ふらっとベランダの鍵を開けて戸を開こうとしたとき、呆れたような竜崎さんの声が耳に入る。
「こらこら」
彼は布団を適当に投げ捨て、私の肩を強く掴んだ。その力で突然意識がはっきりする。ベランダに一歩足を踏み出していた私は、今自分が何をしようとしていたか思い出してぞっとした。
「あ、あれ……」
「君、三ヵ月よく無事だったね。すぐ影響されちゃうタイプか。うちに住んで正解かもよ、ほっといたらどこでも飛び降りたり飛び出したりしそう」
「なんか急に頭がぼんやりして……」
「目を合わせ続けるとよくないって教えたでしょ。ほら、入って。寒いよ」
彼にそう言われ、とりあえず中へ戻ろうとした私だが、ふと外に気になる光景が目に入った。狭いベランダには、アルミニウム製の手すりがある。私の腰ほどの高さなのだが、その隙間から竜崎さんが停めた黒い車が見えた。
その隣に、小さな少女らしき子が立ってこちらを見上げている。
「あ、あの、あれ……」
「ついてきて正解だったね。こんなのにふらふらされちゃうんじゃちょっとも目が離せない。ここに住みついてるこの子たちの対処から始めようか」
竜崎さんがベッドの前でそう言ったので、私は慌てて返事をして戸を閉めた。霊はそこら中にあふれているので、竜崎さんの車の隣にたまたま立っていた霊なんて、気にしてる暇はないのだ、と思って。

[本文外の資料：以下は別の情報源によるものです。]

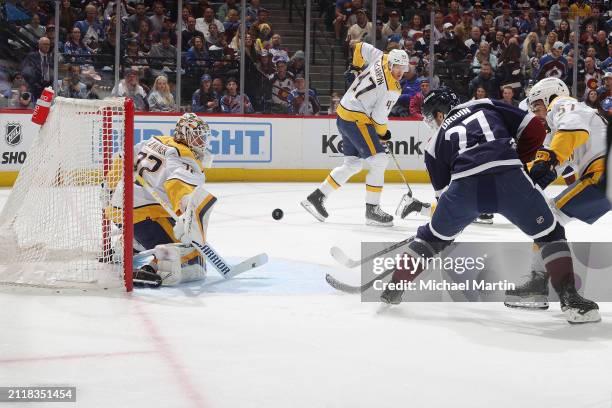 Jonathan Drouin of the Colorado Avalanche tips a puck past goaltender Kevin Lankinen of the Nashville Predators at Ball Arena on March 30, 2024 in...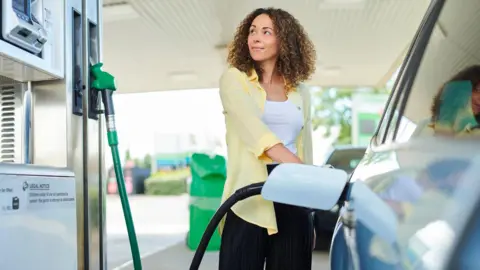 A woman wearing a white top and yellow shirt looks at a pump while filling up her car.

「ついでに仕事の練習だ。目をなるべく見ないようにして、そいつらの特徴を教えて」
私の隣で竜崎さんがそう言った。彼の手はしっかり私の左腕を掴んでいる。おかしな行動をしないように、とのことだ。
私はいまだベッドの上から動かない彼らをなるべく見ないようにして、でもそれとなく視界に入れつつ特徴を捉えていく。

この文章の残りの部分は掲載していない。